Last year, Chef Sumito Estévez shared with us how to make a classic Venezuelan soup and a holiday dessert. Now, he’s back with three different versions of one fuss-free empanada party snack, all taking cues from culinary traditions around the world. We have a Caribbean-inspired stuffing with fish, a sweet European interpretation with cheese, honey and nuts, and a veggie-packed version with Asian influences. Pick your favourite or, even better, make all three for a deliciously international holiday party.

These recipes all use phyllo dough; for the uninitiated, what is phyllo dough, and how is it different from traditional puff pastry?

Chef Sumito: Phyllo dough is one of the most delicate technical achievements in pastry. Its origin is very ancient, first created during the Ottoman Empire, and therefore it is common to both Arab and Mediterranean cultures. It’s made with flour, warm water, salt and vinegar until you get a dough so incredibly thin that it’s see-through. Unlike puff pastry, it does not involve any form of fat in its preparation, and therefore, to get that layered effect, you need to place several sheets one on top of the other. It’s quite difficult to make it at home, so it’s best to just buy it pre-made.

What dishes from these three cuisines (Latin American, European and Asian) did you use as inspiration to create the fillings?

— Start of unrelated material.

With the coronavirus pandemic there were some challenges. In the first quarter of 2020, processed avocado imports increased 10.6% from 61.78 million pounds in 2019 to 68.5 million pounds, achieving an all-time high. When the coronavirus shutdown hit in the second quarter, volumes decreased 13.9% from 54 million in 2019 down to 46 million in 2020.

Instead of looking to specific dishes as inspiration, I tried to recreate flavours that are consistent with the imagination and with people’s flavour memories. For this reason, I used the Latin American penchant for stir-fries and achiote (or annatto), the European use of honey, cheese and nuts, and an Asian filling with elements that relate to Chinese cuisine.

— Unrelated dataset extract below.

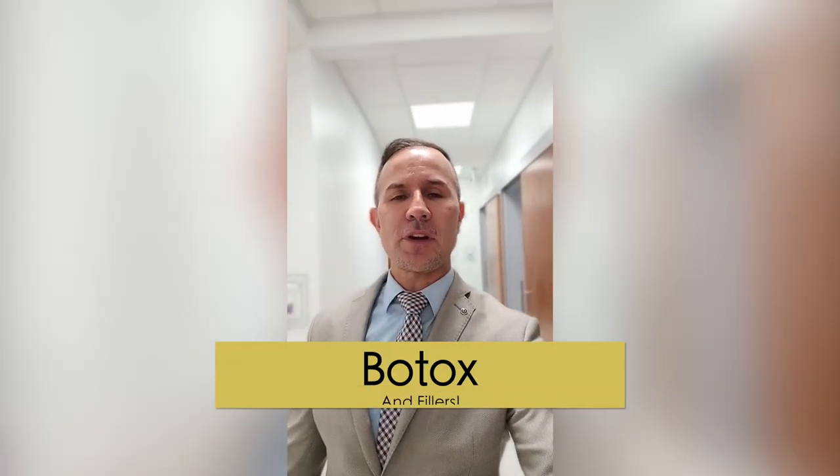Today it's time to see patients in the office. First, we're going to start with virtual consultations and follow-ups. Then we're going to continue with in-person consultations and also follow-ups. And of course, we're going to do cosmetic injectables — Botox fillers all day today.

For the Latin American filling, you mention that we could use any white fish. What is your personal recommendation?

I wouldn’t recommend a specific type of fish – the Caribbean Sea, and the Atlantic and Pacific oceans, all offer different fish (this is a great continent for sea life!). This said, my recommendation is to look for whatever fish is usually offered in fillet form. You can ask at your local market for the best fish for boiling and shredding – good shredding will give the best texture to the filling.

Would you recommend serving any particular dip with the empanadas?

Two years ago, we launched an amazing project on our YouTube channel with a special empanada made from cornmeal and stuffed with fish. In that video, I explain how to make an herb and garlic sauce that is ideal for these types of flavours – all three. Without a doubt, that is the one I would recommend.

What other snack could pair well with the empanadas at a holiday party, without overshadowing them?

Venezuelans have a dish that has become universal to the point of being an everyday snack, even in taverns in Spain. Called tequeño, it’s a cheese stick wrapped in a spiral of puff pastry. On my YouTube channel, I explain the technique for making both the dough and the preparation of the tequeño. I believe that a table topped with all three empanadas we made for this Tastemakers special next to a platter of tequeños would make for a great balance of flavours.

If you were to create a ‘universal’ filling – using an ingredient with which any culture in the world could identify – what would it be?

It would most likely include cheese. Anyone who hasn’t fallen at the feet of a string of melted cheese hasn’t truly lived!